I have always grappled with how perception can become reality and one’s reputation can be ruined by half-truths or gossip. Let’s face it: gossip websites and tabloids are popular because people love to gain insight into the lives of the rich and famous and the more salacious the better. And if a powerful person has stumbled or is accused of something untoward and regardless of the truth, the piling on in these media sources become intense.
So, how does someone protect their reputation when it is human nature to jump to conclusions based on limited information? Certain professions in particular can be damaged by a loss of trust. This includes the professions that safeguard other people’s hard-earned money. The livelihood of those who work in these professions is based on trust and they are expected to behave with the upmost integrity. This was true of the priests who were responsible for collecting funds from the chamber in the Temple when it stood in Jerusalem.
We are told that the priests were required to behave above suspicion, including giving the impression of suspicion. This is not the first time in the Talmud where we have come across the concept that outward appearance matters, and one must not just be above reproach but appear above reproach. This was a revelation for me, because we spent so much time in the first Tractate discussing the importance of intention. Later on in the Talmud, we were introduced to the idea that along with intention, appearances matter.
The notes in the Koren Talmud say that unlike other monetary matters that require at least two officers (and those in banking will be familiar with the four eyes principle), the priest entered the Temple chamber alone to collect the funds, which were stored in three baskets labelled alef, beit and gimmel respectively. (As an aside, because nothing is so straight-forward in the Talmud, Rabbi Yishmael said they were labeled with the Greek words, alfa, beta, gamma.) In order to avoid giving off the appearance that the priest who collected the funds would snatch a little for himself, we are told that he must not wear a cuffed garment, an amulet, phylacteries, or sandals or shoes. If I am reading this correctly, he was expected to enter the chamber barefoot.

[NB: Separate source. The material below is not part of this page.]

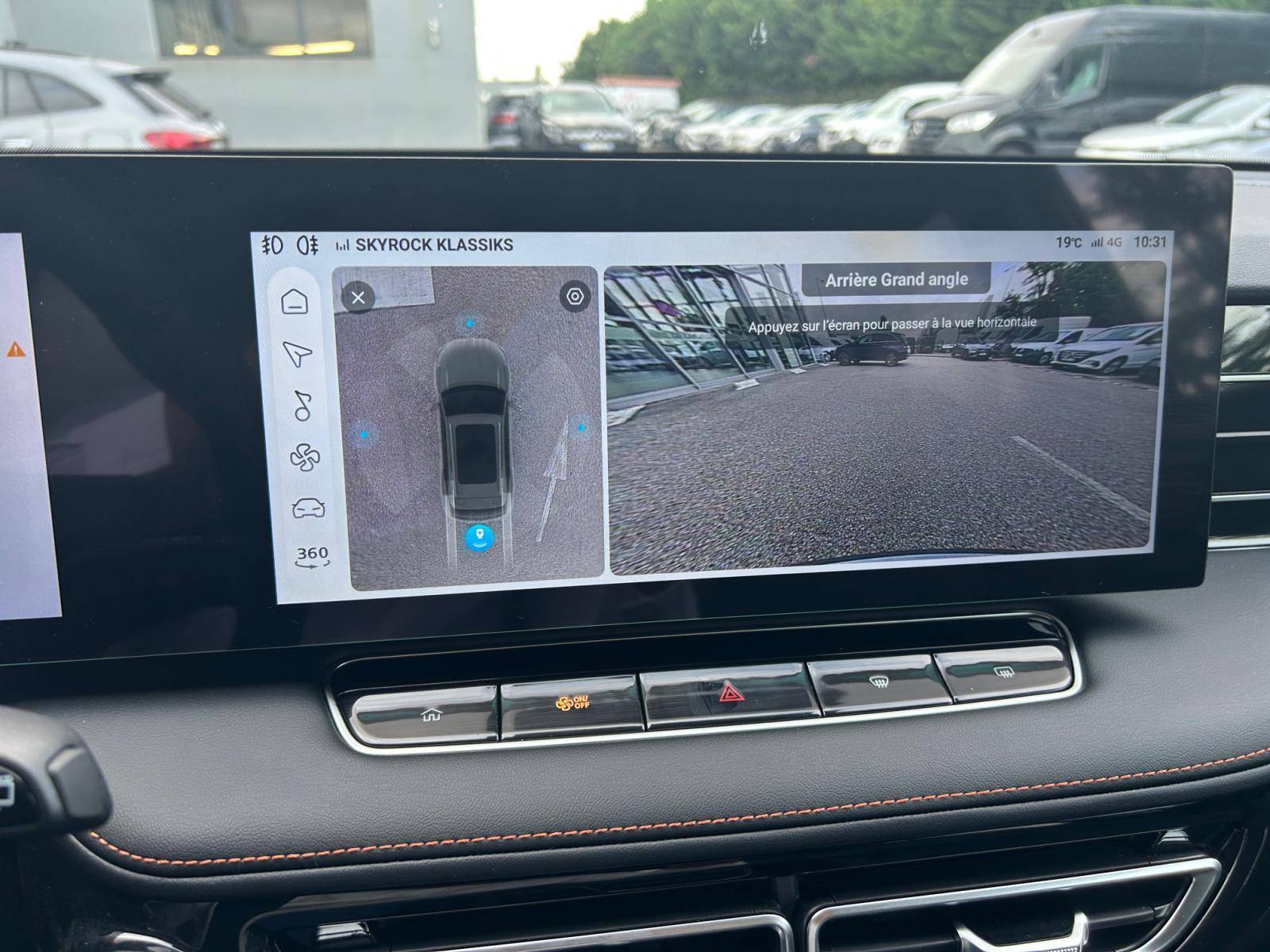 Image MG EHS Luxury 1,5 L Turbo 272 ch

We are told that there is concern for the priest’s integrity if the circumstances of his wealth changes. This is true of banking today, where a dramatic change in someone’s wealth can be a red flag of potential bad behavior. The Talmud tells us that if someone becomes poor, then he is under suspicion of stashing shekels away somewhere. If he becomes rich, then the speculation is that it is from stealing funds, “even though he did not actually do so.”

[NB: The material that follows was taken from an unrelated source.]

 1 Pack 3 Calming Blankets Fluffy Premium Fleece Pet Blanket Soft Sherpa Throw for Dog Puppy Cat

The Talmud provides practical advice to prevent someone from coming under unfound suspicion. God may know that the accused is innocent, but we are told “even though one should not suspect someone of stealing consecrated shekels, the one collecting the funds from the chamber must nevertheless take these precautions, as a person must appear justified before people just as he must appear justified before the Omnipresent.”
At the end of the day, regardless of one’s profession or status in life, all we have is our good name and reputation. Today’s Daf Yomi reading is a reminder that we must guard our good name and reputation above all else, because it is our most precious possession and it difficult to rehabilitate once it has been sullied. There is also the reminder through the words “one should not suspect someone of stealing…” that we need to have fact-based evidence before we speculate about another’s alleged transgressions.

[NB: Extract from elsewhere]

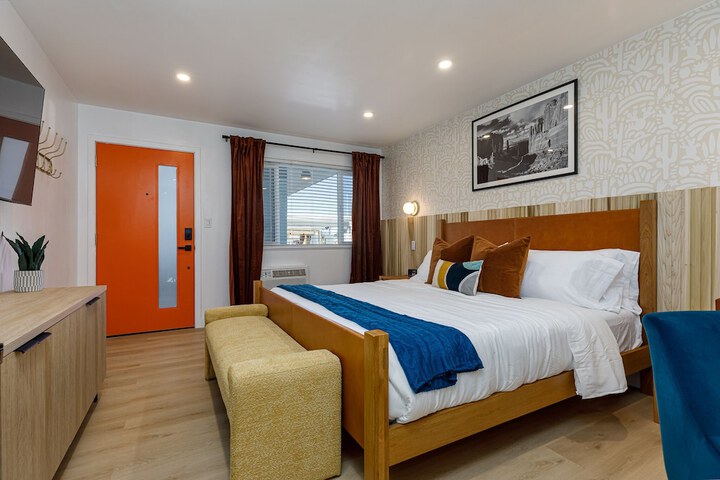 Room 40 of 105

I wrote in a previous blog about a man who asked for repentance after slandering the name of a certain Rabbi. When he attempted to repent before the Rabbi, he was told to tear apart a pillow and scatter its feathers to the wind. When he completed the task, he was told by the Rabbi to go back and collect all the feathers. When this man said that it was an impossible ask because the feathers had scattered to the wind, the Rabbi said that was the point of the exercise and once a person’s good name is tainted, the damage cannot be undone.
Perception becomes reality and it is difficult to take back bad words and expunge them from where they have been scattered. Today’s Daf Yomi is a reminder that once untruths are scattered to the wind, and along with them one’s name, they take on a life of their own and are difficult to retrieve.